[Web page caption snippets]
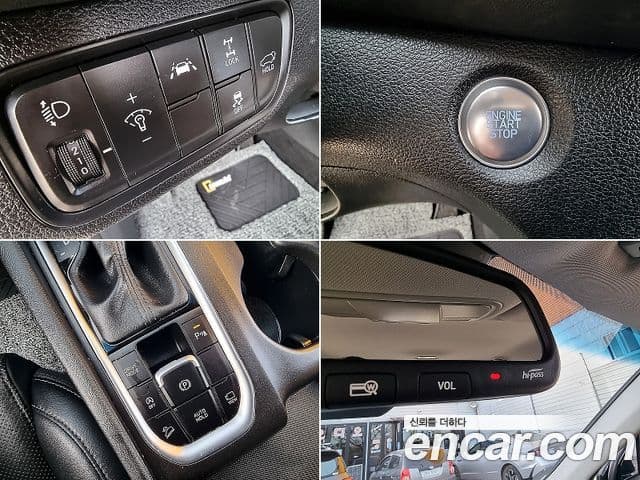 Hyundai Santa Fe TM Exclusive, 2019 11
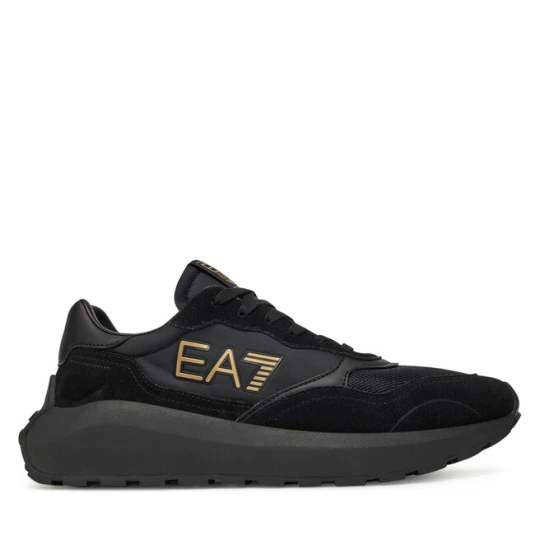 Zdjęcie produktu Sneakersy EA7 Emporio Armani X8X186 XK401 U106 Czarny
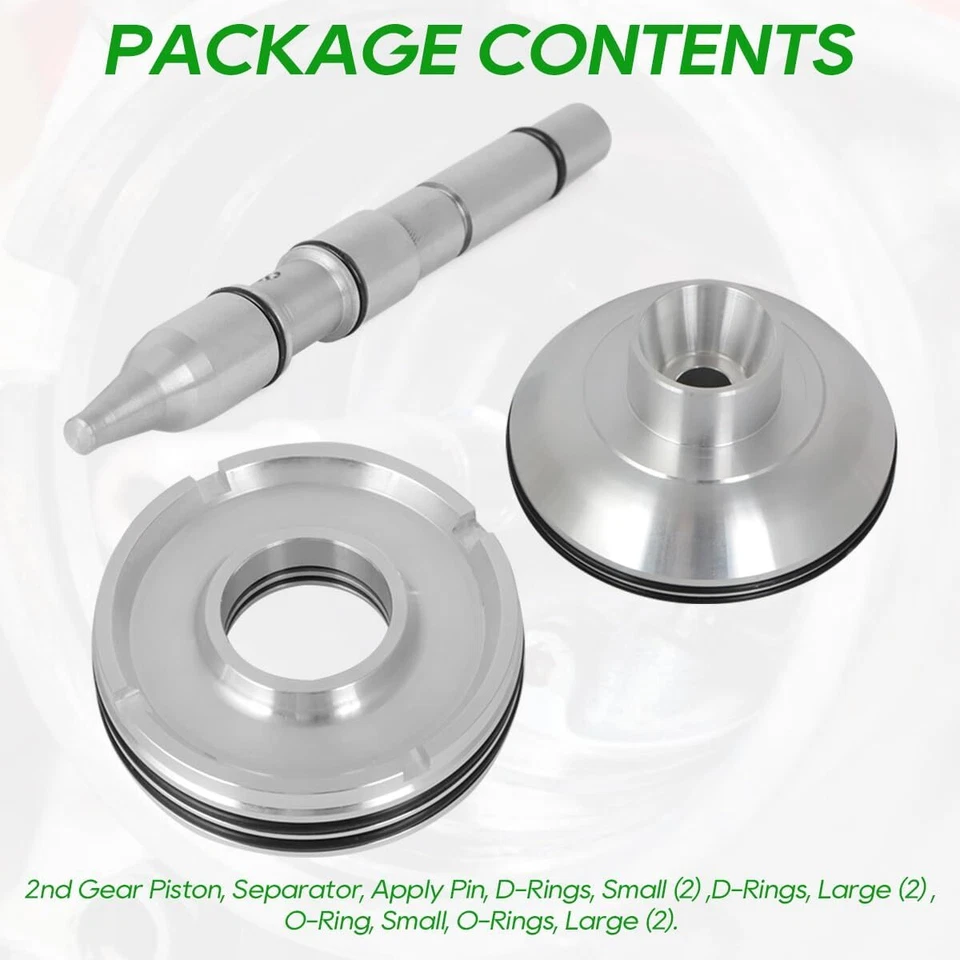 Kit de servo súper retención de segunda marcha para GMC Chevy 4L60E 4L65E 4L70E 4L60 # 77911-03K Foto 3 de 4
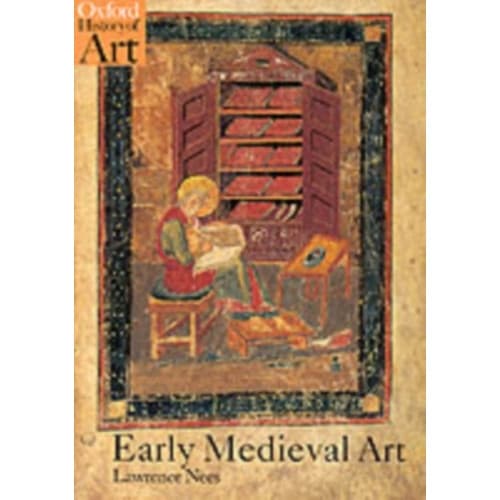 Early Medieval Art (häftad, eng)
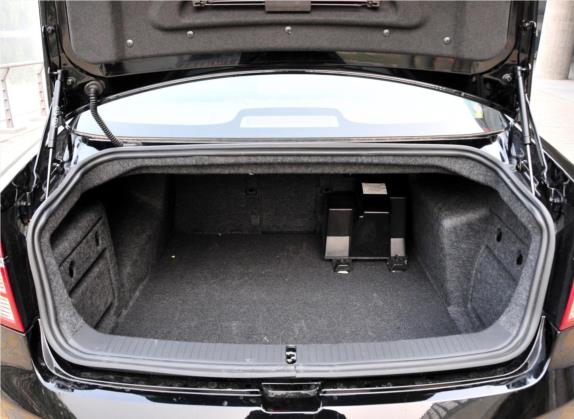 瑞麒G6 2011款 2.0T 自动旗舰型 车厢座椅   后备厢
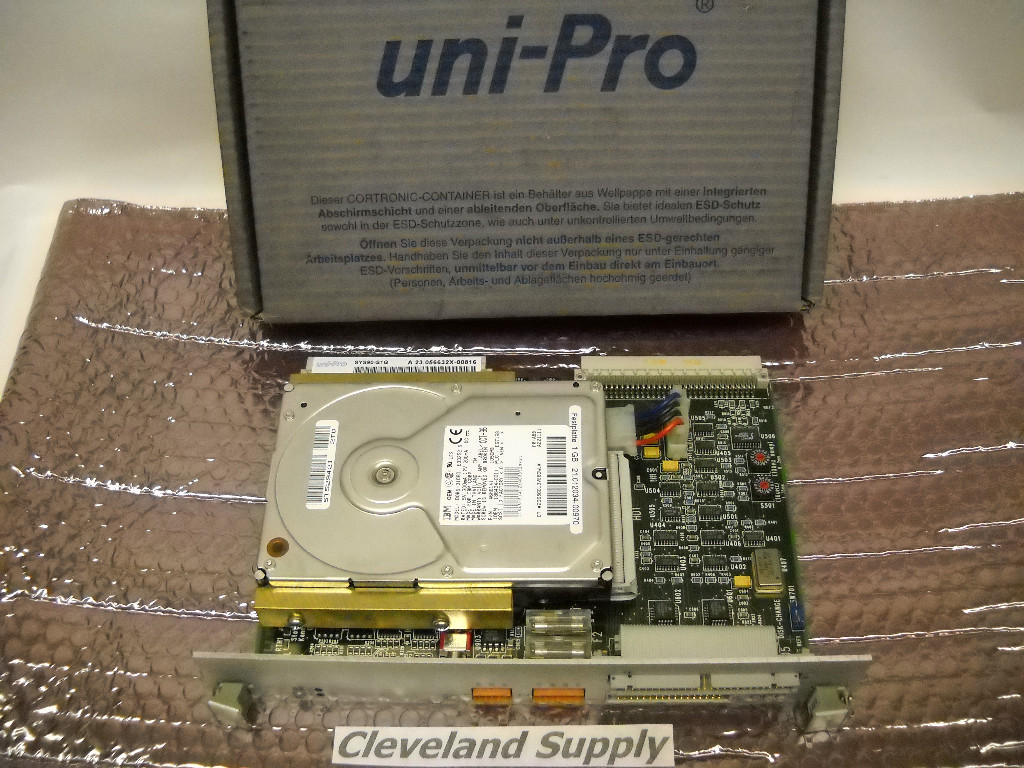 UNI-PRO SYS90-S1G MEMORY CARD A 23.056632X-00816   NOS CONDITION IN BOX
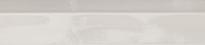Плитка Settecento Chelsea Zoccoletto Pure White 9.9x45 см, поверхность глянец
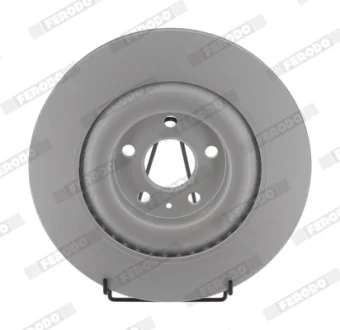 Гальмівні диски 2шт задн лів/прав VOLVO C40, EC40, EX40, XC40, XC90 II 2.0-Electric 09.14- Ferodo DDF2844C
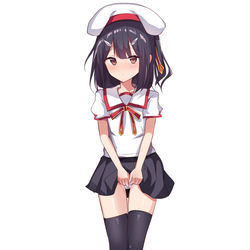 This is a pixiv picture whose title is ♥.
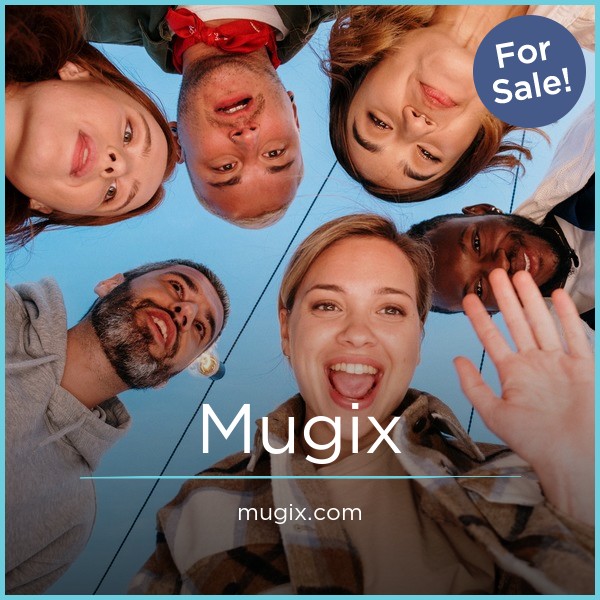 Mugix.com - buying Creative premium names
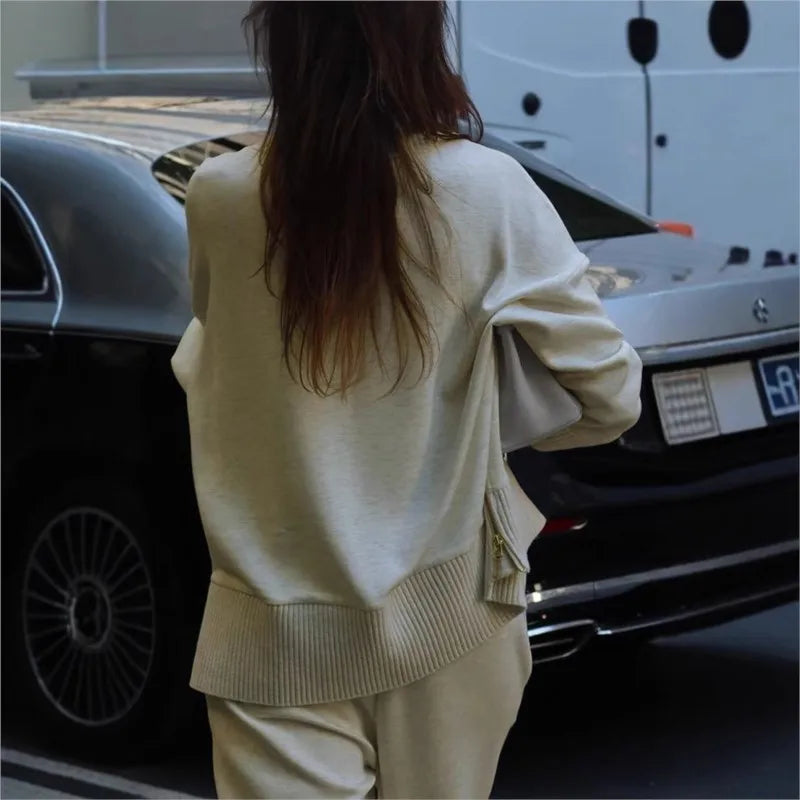 Patrizia - Ensemble Uni 2pcs Maille Premium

→ Task description: Each entry is to be transcribed verbatim, and any picture in it is to be skipped.

→ Task answer:
 Hyundai Santa Fe TM Exclusive, 2019 11
 Zdjęcie produktu Sneakersy EA7 Emporio Armani X8X186 XK401 U106 Czarny
 Kit de servo súper retención de segunda marcha para GMC Chevy 4L60E 4L65E 4L70E 4L60 # 77911-03K Foto 3 de 4
 Early Medieval Art (häftad, eng)
 瑞麒G6 2011款 2.0T 自动旗舰型 车厢座椅   后备厢
 UNI-PRO SYS90-S1G MEMORY CARD A 23.056632X-00816   NOS CONDITION IN BOX
Плитка Settecento Chelsea Zoccoletto Pure White 9.9x45 см, поверхность глянец
 Гальмівні диски 2шт задн лів/прав VOLVO C40, EC40, EX40, XC40, XC90 II 2.0-Electric 09.14- Ferodo DDF2844C
 This is a pixiv picture whose title is ♥.
 Mugix.com - buying Creative premium names
 Patrizia - Ensemble Uni 2pcs Maille Premium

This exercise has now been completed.